--- START ---

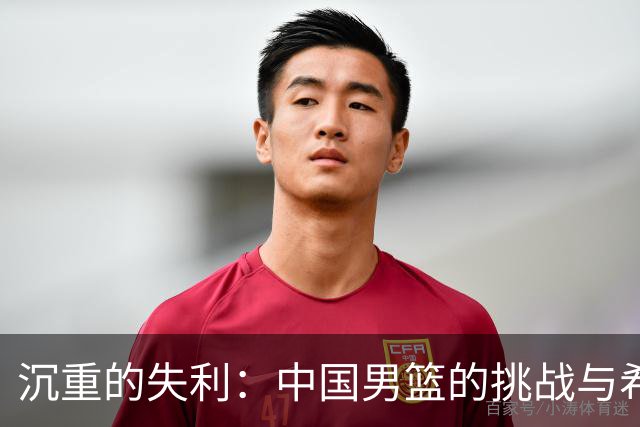 沉重的失利：中国男篮的挑战与希望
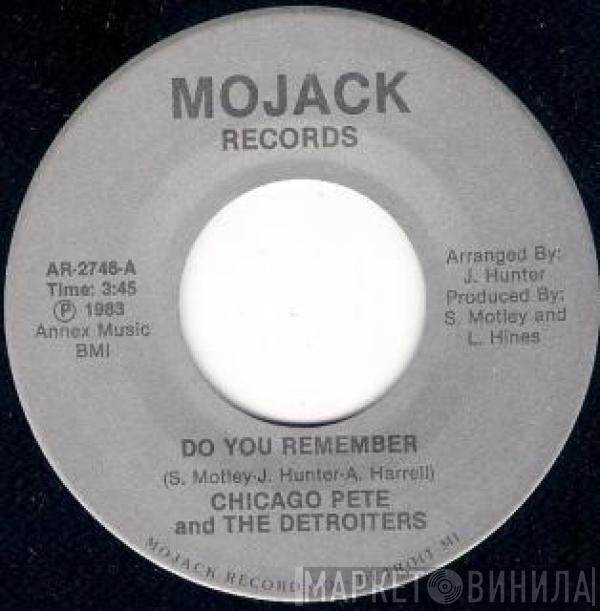 Chicago Pete And The Detroiters - Do You Remember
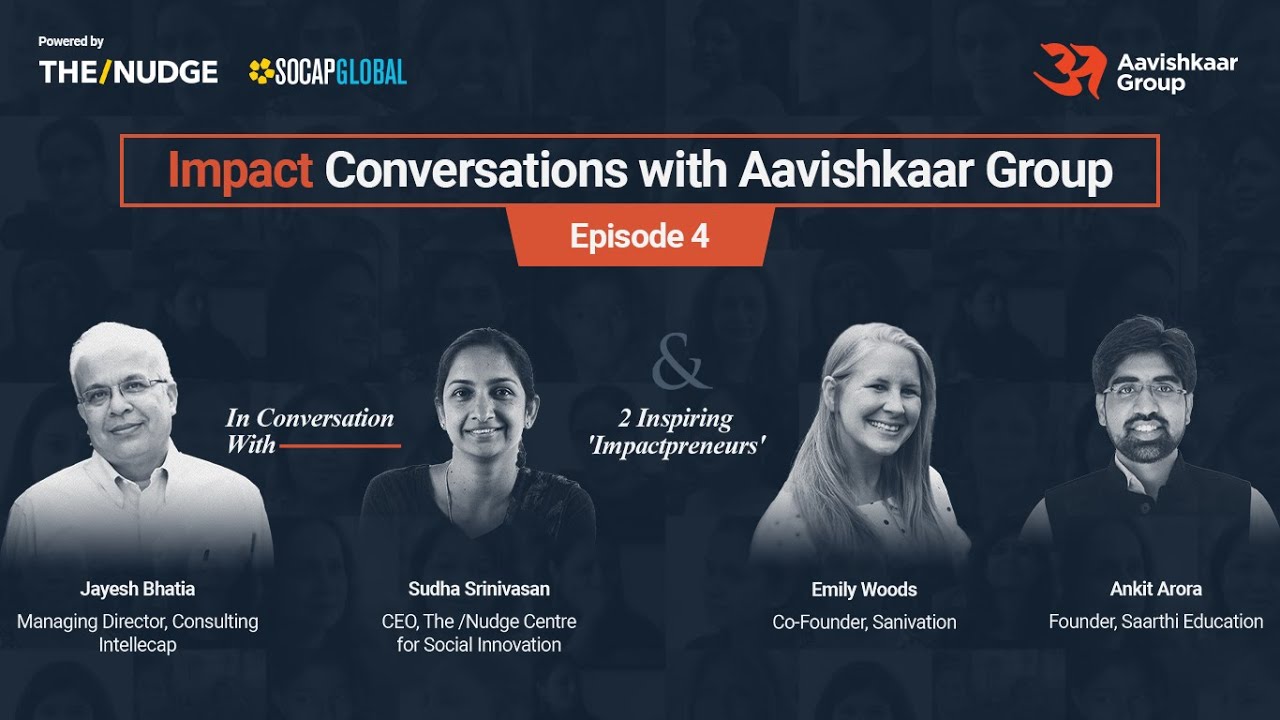 Impact Conversations with Aavishkaar Group | Ep. 4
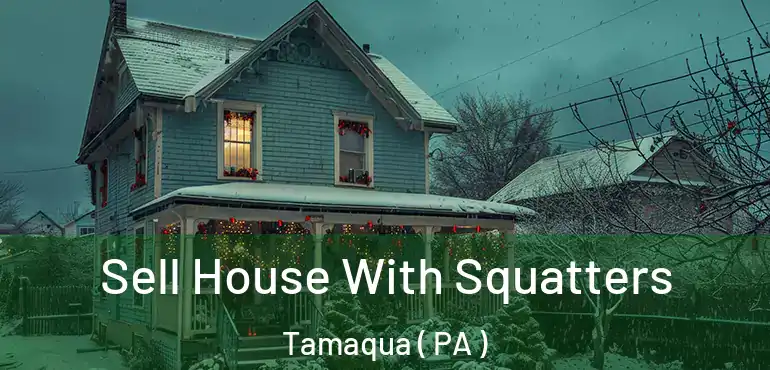  Sell House With Squatters Tamaqua ( PA )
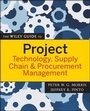 Cover: The Wiley Guide to Project Technology, Supply Chain, and Procurement Management - Wiley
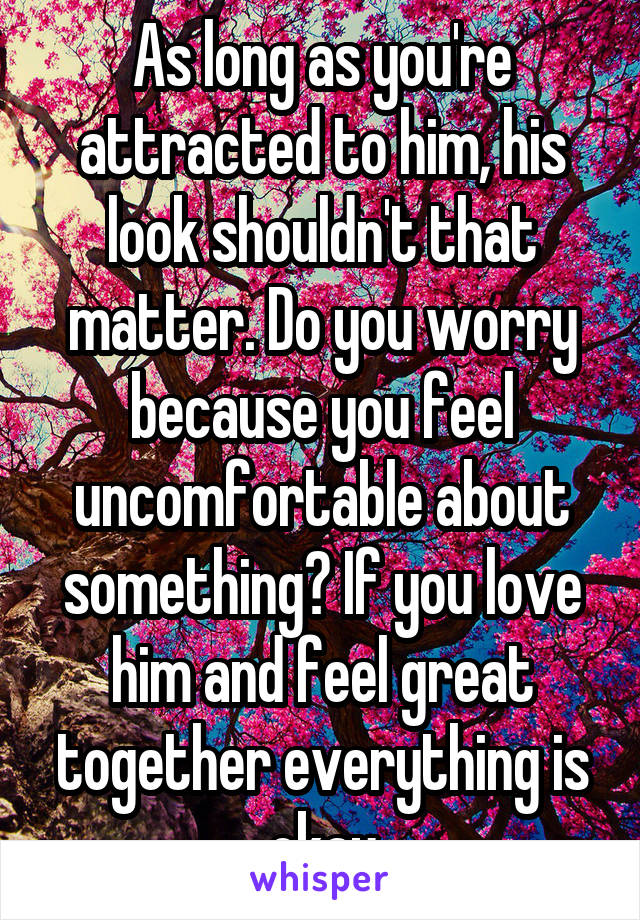As long as you're attracted to him, his look shouldn't that matter. Do you worry because you feel uncomfortable about something? If you love him and feel great together everything is okay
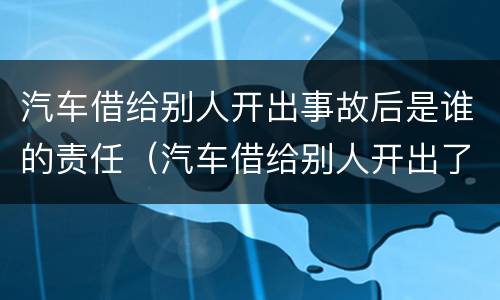 汽车借给别人开出事故后是谁的责任（汽车借给别人开出了事故车主负责吗）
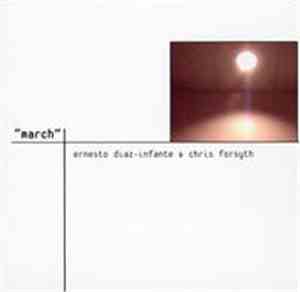 Ernesto Diaz-Infante & Chris Forsyth - March
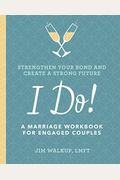 I Do!: A Marriage Workbook For Engaged Couples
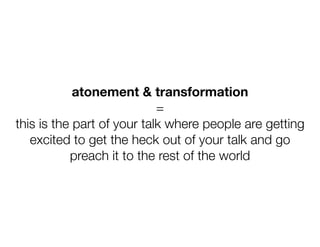 atonement & transformation
                            =
this is the part of your talk where people are getting
   excited...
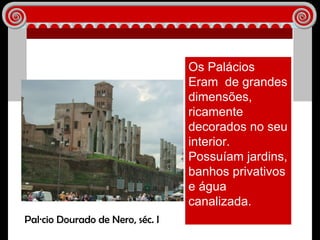 Os Palácios Eram  de grandes dimensões, ricamente decorados no seu interior.  Possuíam jardins, banhos privativos e água canalizada. Palácio Dourado de Nero, séc. I 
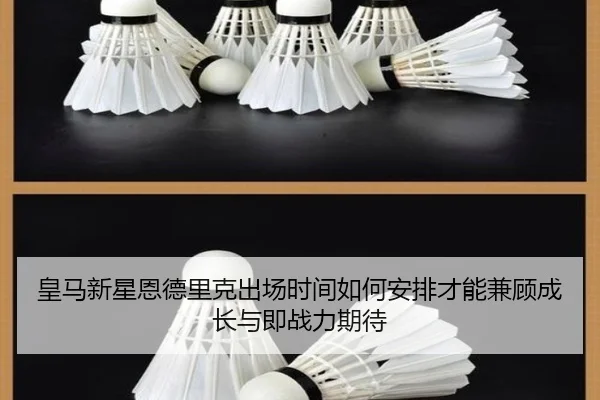 皇马新星恩德里克出场时间如何安排才能兼顾成长与即战力期待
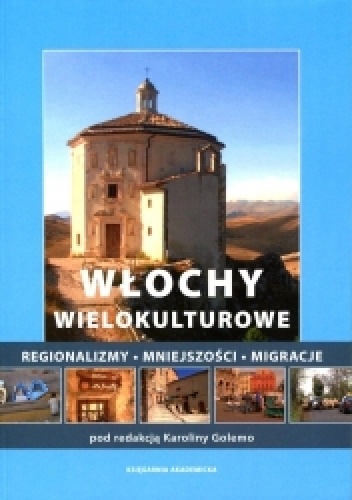 Włochy wielokulturowe. Regionalizmy - mniejszości - migracje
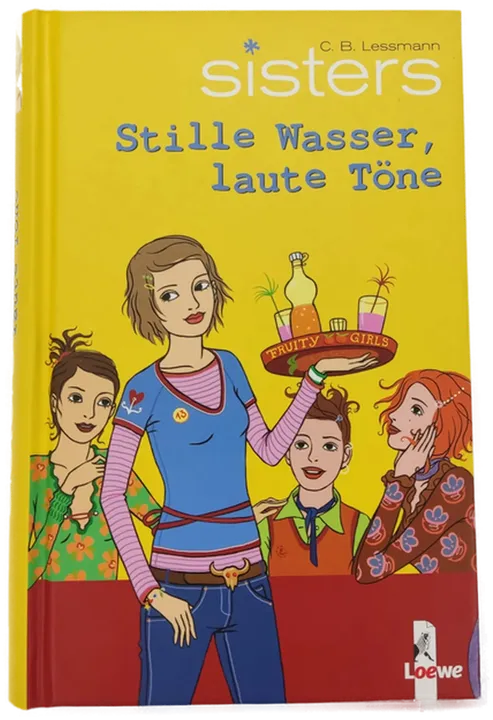 sisters - Richtig verliebt, falsch verbunden; Stille Wasser, laute Töne; Höllisch verknallt, himmlisch verwirrt; Lebe wiild und küsse sanft - C.B. Lessmann, 4 Bände - Bild 2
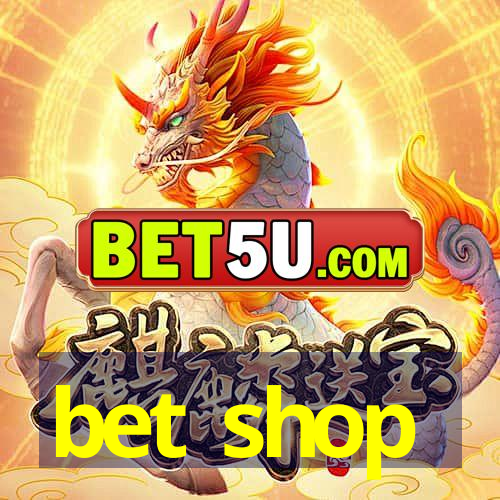 bet shop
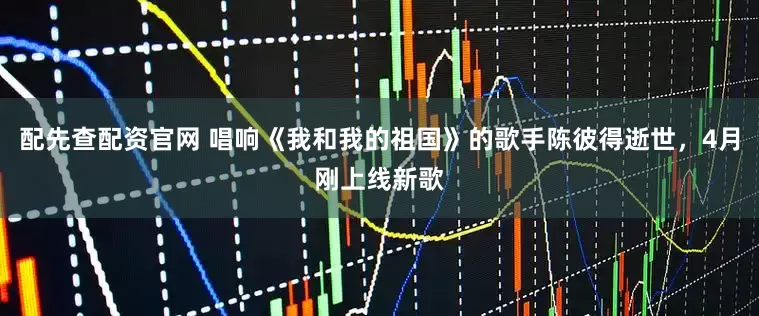 配先查配资官网 唱响《我和我的祖国》的歌手陈彼得逝世，4月刚上线新歌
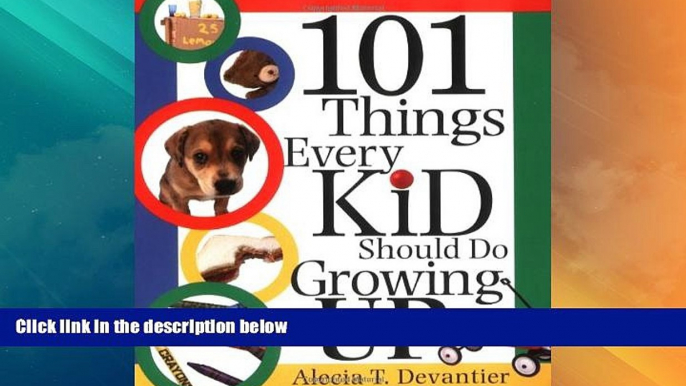 Big Deals  101 Things Every Kid Should Do Growing Up  Best Seller Books Best Seller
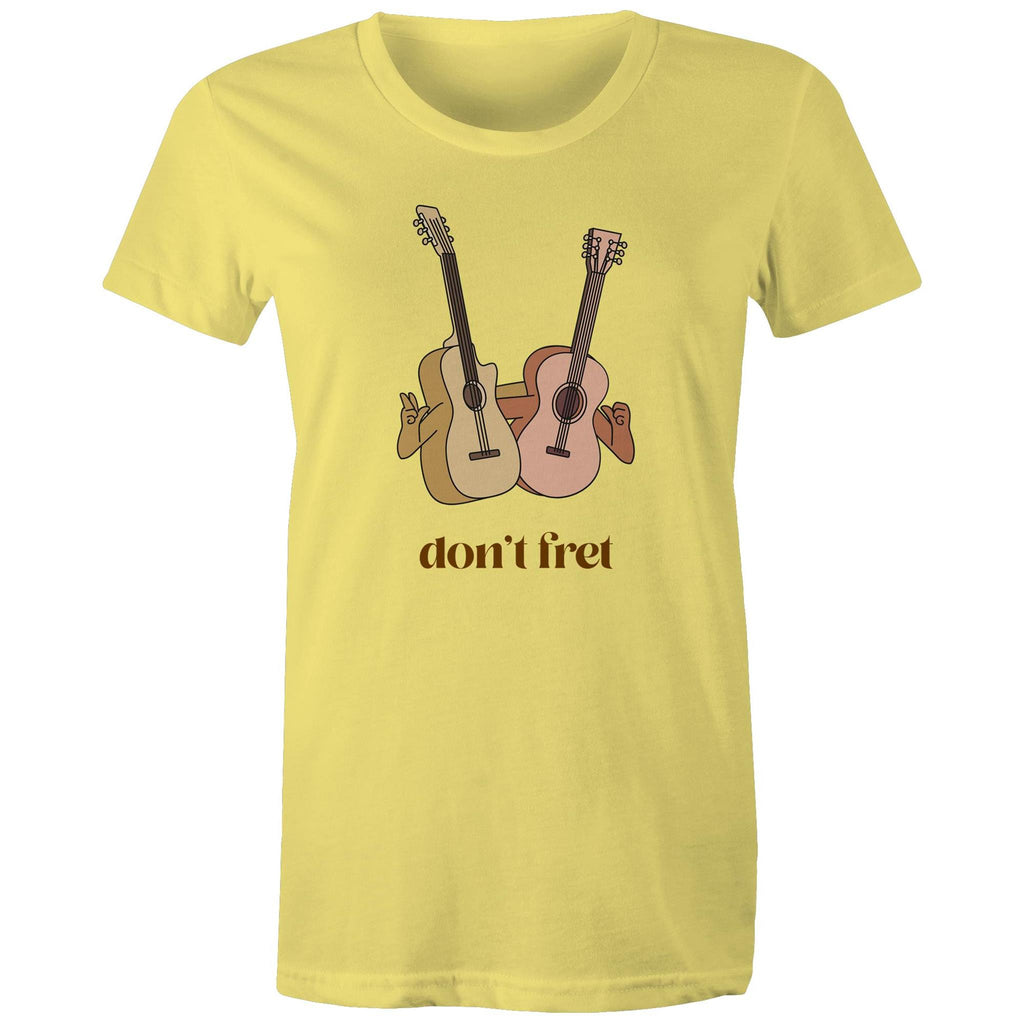 Don't Fret, Guitars - Womens T-shirt Yellow Womens T-shirt Music Printed In Australia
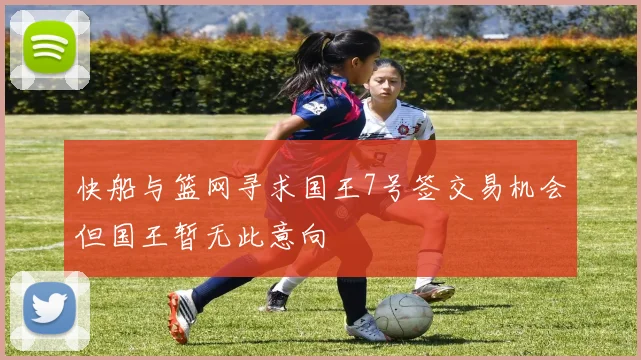 快船与篮网寻求国王7号签交易机会但国王暂无此意向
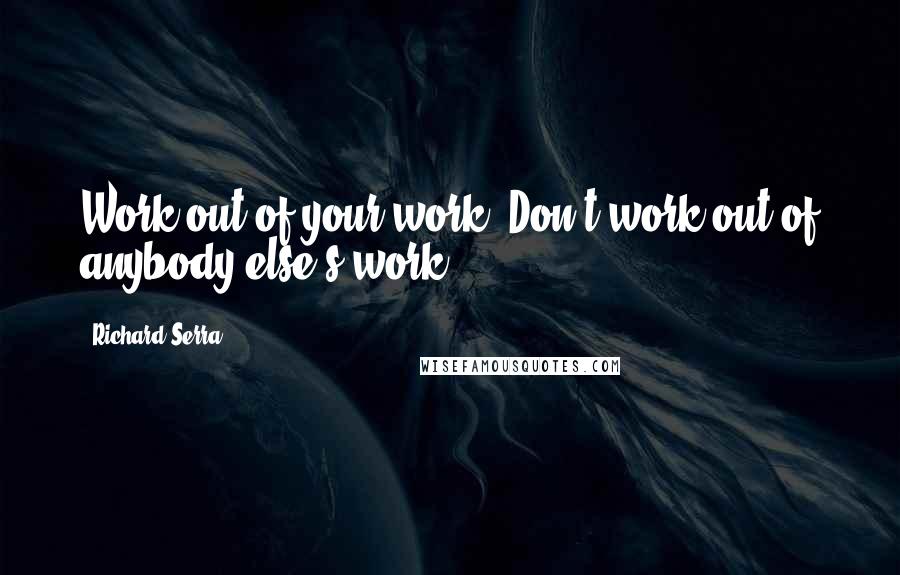 Richard Serra Quotes: Work out of your work. Don't work out of anybody else's work.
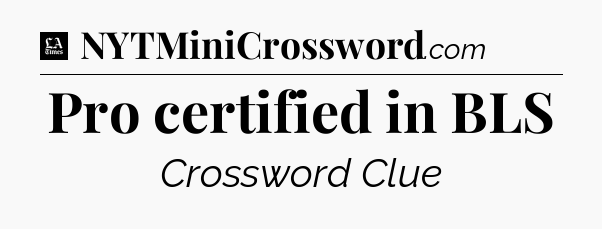 Pro certified in BLS - LA Times Crossword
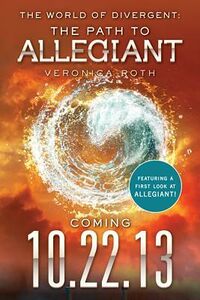 Cover of The World of Divergent: The Path to Allegiant by Veronica Roth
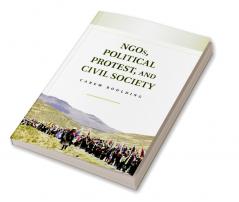 NGOs Political Protest and Civil Society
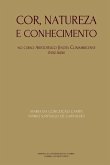 Cor, natureza e conhecimento: no curso Aristotélico Jesuíta conimbricense - 1592-1606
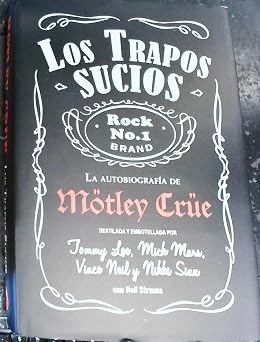 Los trapos sucios Confesiones del grupo de rock mas infame del mundo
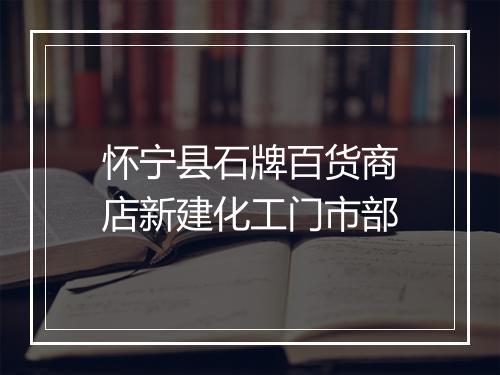 怀宁县石牌百货商店新建化工门市部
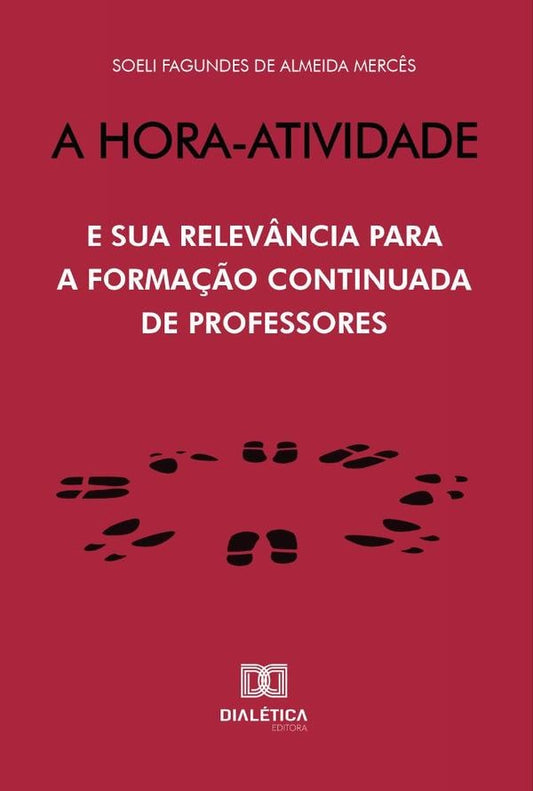 A Hora-Atividade | SoeliFagundesdeAlmeida Merc?s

--- END ---

The lines from the beginning of the listing above through the line holding "配先查配资官网 唱响《我和我的祖国》的歌手陈彼得逝世，4月刚上线新歌" are to be duplicated exactly, and the pictures omitted.

== Exercise output ==
 沉重的失利：中国男篮的挑战与希望
 Chicago Pete And The Detroiters - Do You Remember
 Impact Conversations with Aavishkaar Group | Ep. 4
  Sell House With Squatters Tamaqua ( PA )
 Cover: The Wiley Guide to Project Technology, Supply Chain, and Procurement Management - Wiley
As long as you're attracted to him, his look shouldn't that matter. Do you worry because you feel uncomfortable about something? If you love him and feel great together everything is okay
 汽车借给别人开出事故后是谁的责任（汽车借给别人开出了事故车主负责吗）
 Ernesto Diaz-Infante & Chris Forsyth - March
 I Do!: A Marriage Workbook For Engaged Couples
 atonement & transformation
                            =
this is the part of your talk where people are getting
   excited...
 Os Palácios Eram  de grandes dimensões, ricamente decorados no seu interior.  Possuíam jardins, banhos privativos e água canalizada. Palácio Dourado de Nero, séc. I 
 皇马新星恩德里克出场时间如何安排才能兼顾成长与即战力期待
 Włochy wielokulturowe. Regionalizmy - mniejszości - migracje
 sisters - Richtig verliebt, falsch verbunden; Stille Wasser, laute Töne; Höllisch verknallt, himmlisch verwirrt; Lebe wiild und küsse sanft - C.B. Lessmann, 4 Bände - Bild 2
 bet shop
 配先查配资官网 唱响《我和我的祖国》的歌手陈彼得逝世，4月刚上线新歌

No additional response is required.